_Supplied material_:
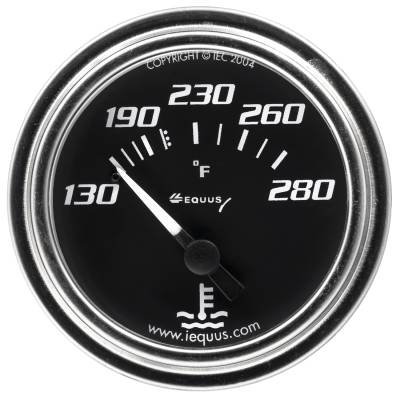 Equus - Equus E7232 Gauge Water Temp 2" 130-28F 90 Sweep Mech Chrome 7000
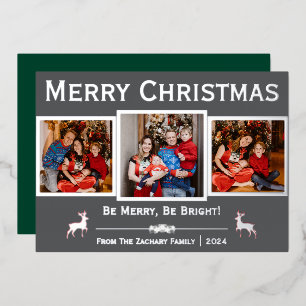 Elegant Script Reindeer Christmas Family 3 Photo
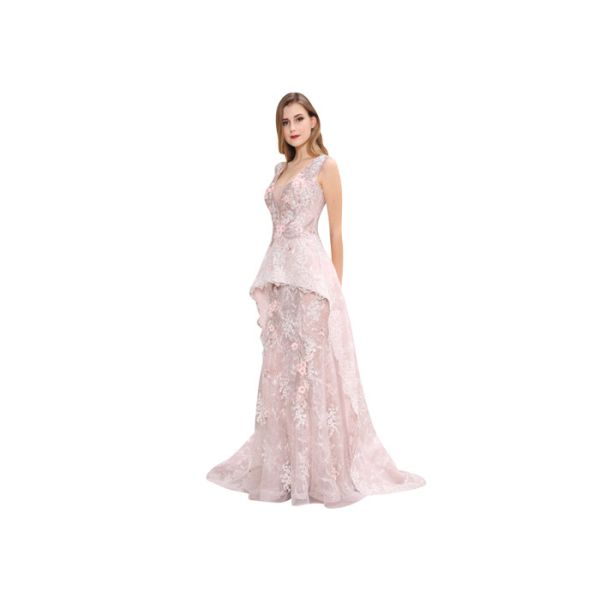 Khaki Color Nice Lady Big Ball Gowns With Flower Decor , Sleeveless Party Dress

_Aim of the exercise_: Write out the material above exactly, and omit the pictures it holds.

_Output for this task_:
 Equus - Equus E7232 Gauge Water Temp 2" 130-28F 90 Sweep Mech Chrome 7000
 Elegant Script Reindeer Christmas Family 3 Photo
 Khaki Color Nice Lady Big Ball Gowns With Flower Decor , Sleeveless Party Dress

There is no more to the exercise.